Sarajevo/Zagreb – "Nationalität: Bosniake. Glaube: Islam. Sprache: Bosnisch": Der Kulturverein Gradačac will offenbar bestimmen, was die Bürger bei der Volkszählung, die am 1. Oktober in Bosnien-Herzegowina beginnt, ankreuzen sollen. Fatmir Alispahić behauptet auf der Webpage sogar, dass durch den Zensus der Genozid an den Bosniaken fortgesetzt würde. Statistikprofessor Hasan Zolić wiederum weiß bereits jetzt das Ergebnis: "Die meisten sind Bosniaken, und so wird es auch nach der Volkszählung sein."
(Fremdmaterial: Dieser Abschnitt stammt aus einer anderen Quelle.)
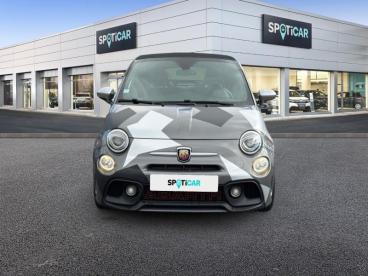 SPOTICAR Abarth 595 500 C 1.4 Turbo T-jet 165ch 595 Turismo Occasion - Citadine Essence Gris - Beziers - 1203944765_2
"Der Zensus wird von den politischen Akteuren als eine Wahl verstanden, deshalb versucht man von verschiedenen Seiten, die Ergebnisse zu beeinflussen", erklärt der Südosteuropa-Experte Florian Bieber von der Universität Graz. Das hat auch damit zu tun, dass die Verfassung von Dayton (1995) den ethnischen Proporz so verankerte, dass nicht nur politische, sondern auch Verwaltungsämter streng nach Volksgruppenzugehörigkeit vergeben werden.
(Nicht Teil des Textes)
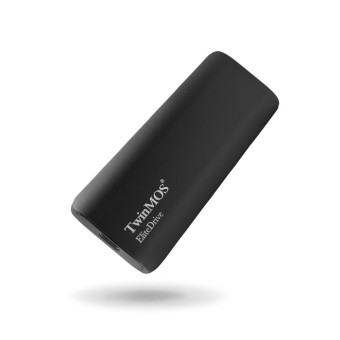 TwinMOS 1TB PSSDGGBMED32 Dark Grey USB 3.2/Type-C Okuma Hızı 580MB /Yazma Hızı 550MB Harici SSD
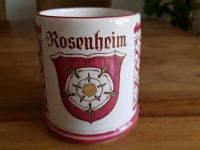 Bierkrug Rosenheim Vogt Keramik Bayern - Raubling Vorschau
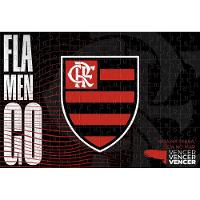 Quebra-Cabeça Flamengo Brasão 200 Peças - Mimo - 2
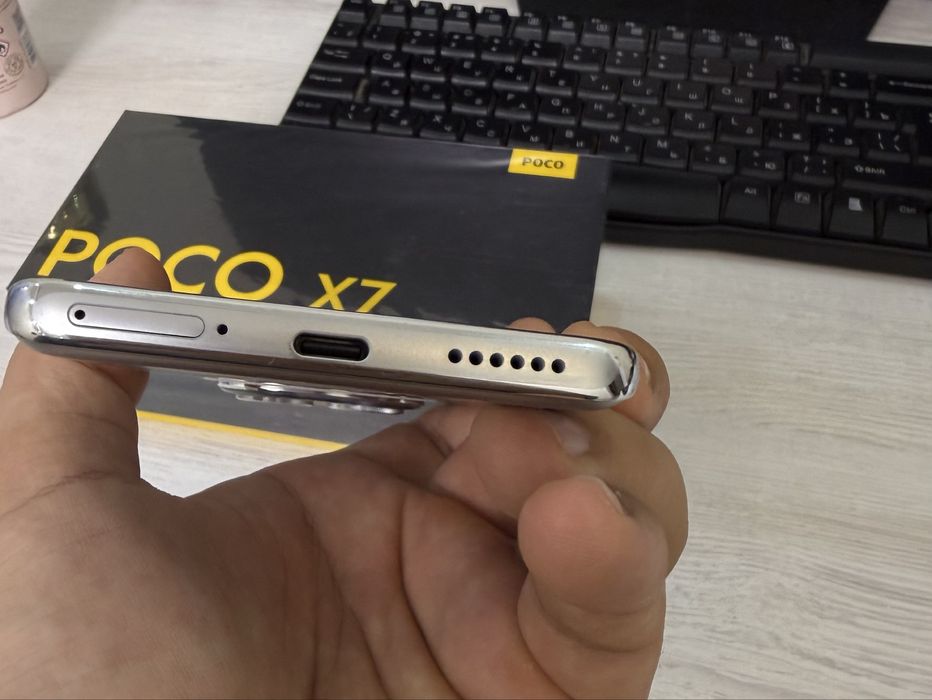 Xiaomi POCO X7 5 G yengi 1 kun xam tutmadm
Es wird daher nicht debattiert, ob der Zensus darüber Aufschluss geben wird, wie viele Menschen in die Stadt gezogen oder ob sie ärmer geworden sind, sondern über die Fragen 24, 25 und 26: ethnische Zugehörigkeit, Religion und Sprache. Die letzte Volkszählung fand im Jahr 1991, also noch vor dem Krieg (1992–1995) statt. Damals bezeichneten sich 43,7 Prozent als Muslime, 31,4 Prozent als orthodoxe und 17,3 Prozent als katholische Christen.

Politische Forderungen

Die jetzige Quotenregelung bezieht sich auf diese Volkszählung, und es ist nicht vorgesehen, dass sie durch den neuen Zensus geändert werden soll. Dennoch könnten dem Ergebnis politische Forderungen folgen. "Wenn es eine sehr große Diskrepanz zwischen 1991 und heute gibt, dann sind die alten Quotenregelungen schwer aufrechtzuerhalten", so Bieber. "Man könnte etwa fragen: Weshalb braucht es in dem Landesteil Republika Srpska fünf bosniakische Minister, wenn es dort nur fünf Prozent Bosniaken gibt?"
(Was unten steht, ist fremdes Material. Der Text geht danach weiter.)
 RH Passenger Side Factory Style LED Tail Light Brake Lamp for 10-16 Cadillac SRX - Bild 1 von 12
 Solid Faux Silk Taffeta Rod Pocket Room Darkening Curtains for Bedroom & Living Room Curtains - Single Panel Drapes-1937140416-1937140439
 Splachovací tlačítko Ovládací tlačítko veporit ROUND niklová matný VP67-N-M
Besonders bosniakische Nationalisten fürchten, dass die Leute sich nicht als Bosniaken, sondern als Muslime oder als Bosnier deklarieren könnten. "Denn bisher sehen sich überwiegend nur Bosniaken in ihrer staatsbürgerlichen Identität als Bosnier", so Bieber.

Die Frage ist tatsächlich spannend, rührt sie doch an der Verfassung des Staates. Falls sich viele als Bosnier (ohne ethnische Zuordnung) bezeichnen, wäre dies ei­ne indirekte Ablehnung des Ethno­proporzes. "Und das ist ein Risiko für die ethnonationalistischen Par­teien", erklärt Bieber mögliche politische Folgen.

Abgesehen von der Frage, wie und ob sich Minderheiten (etwa Juden und Roma) deklarieren, die durch den Ethnoproporz diskriminiert sind, hat der Zensus auch im Nachbarland Kroatien eine Debatte entfacht. Denn dort warb die staatliche Agentur für Auslandskroaten auf ihrer Webpage dafür, dass sich die Leute doch als "Kroaten", "katholisch" und "kroatischsprechend" deklarieren sollen. Die Website ist nach Kritik von NGOs verschwunden.  (Adelheid Wölfl /DER STANDARD, 27.9.2013)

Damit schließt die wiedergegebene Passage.